Connolly acknowledges HDR has responsibility. "We've told TBW from Day One that we're going to be culpable, but let's find out what the real problem is," Connolly says. "TBW doesn't want to know the real [cause], because they see us as a checkbook to help fund their next project."


Barnard Construction Co., Bozeman, Mont., completed construction of the reservoir in March 2005, and the facility came on line in 2006. For a while, TBW, HDR and Barnard stood as proud partners of the new facility.

"It was a good job right after it was put into operation," says Kevin Ellerton, who was Barnard's construction manager and is now the firm's business development manager for dams and hydroelectric projects. "It was unfortunate what happened."



Built in Lithia, the reservoir is approximately two miles long, a mile wide and five miles in circumference—covering about 1,100 acres, according to TBW. The earthen embankment ranges from 32 ft to 75 ft in height and measures about 300 ft wide at its base.

Utility officials were still publicly praising the reservoir in 2007, nearly two years into its operation. That year, the region suffered significant drought, and the new reservoir proved its value.
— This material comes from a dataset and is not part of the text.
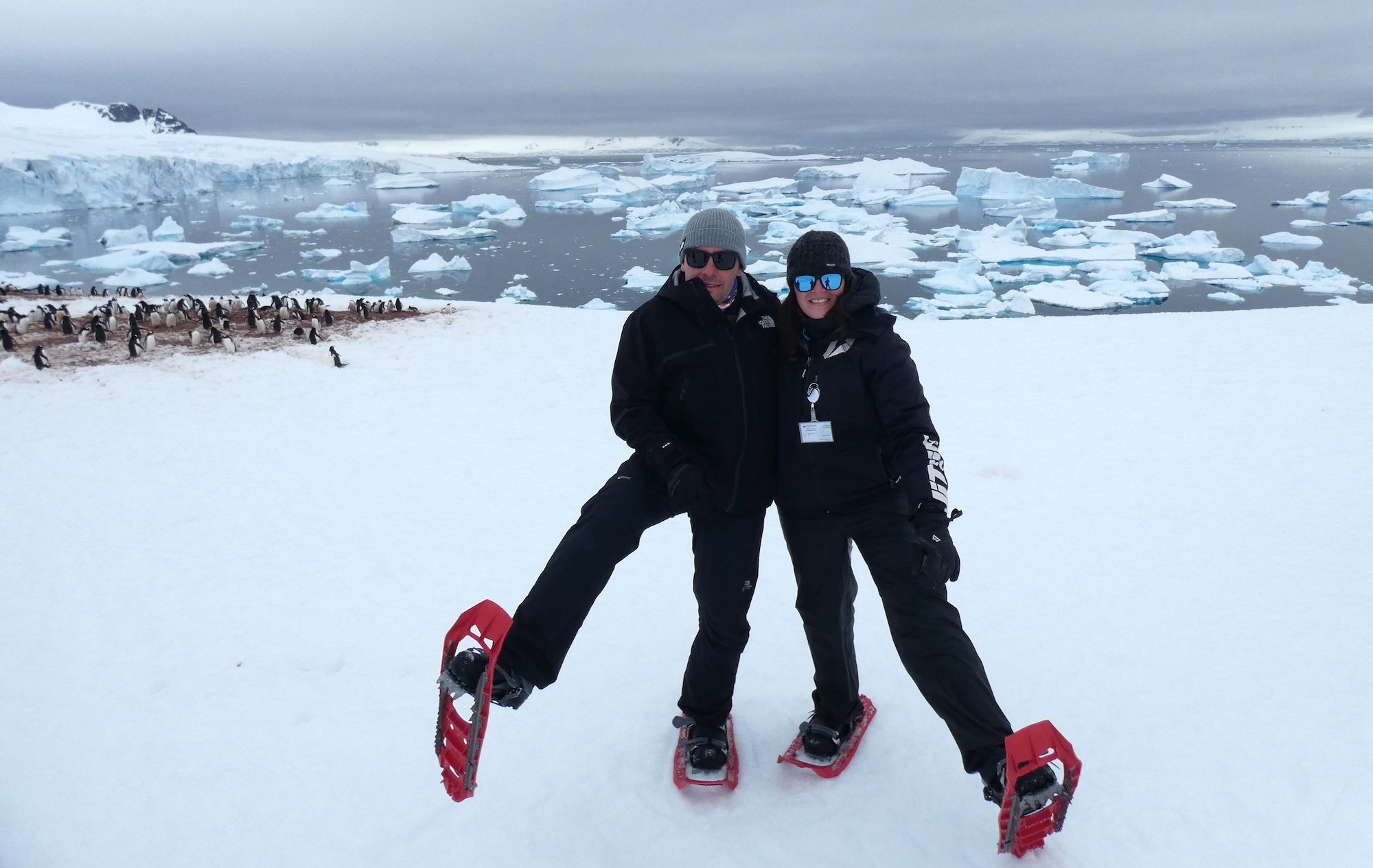 A man and woman show off their snowshoes amid a snowy Antarctic backdrop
The utility's then-director of operations, Ken Herd, told ENR Southeast, "The reservoir was extraordinary this year. It performed just as expected and provided us with surface water while we were experiencing a lack of rainfall" (Southeast Construction, ">11/07).

To meet demand, TBW drew down the reservoir to slightly more than two billion gallons by fall 2007. However, as early as December 2006, significant cracking began.

HDR had designed the reservoir's interior with a geomembrane layer at its base, followed by a section of compacted soil and then a 16-in.-thick flat-plate soil-cement liner at the upper level.

There was no drain system built into the soil-cement wedge. The specified normal drawdown rate of 66 mgd could be achieved by gravity draining, and the embankment's soil-cement layer would function, though both HDR and TBW knew it would crack.

Gerald J. Seeber, the utility's general manager, noted as much in a 2008 letter to nearby residents explaining why the reservoir was in no danger of collapse.

In 1998, Tampa Bay Water hired HDR not only as engineer-of-record but also to provide site selection, soil testing and some construction oversight.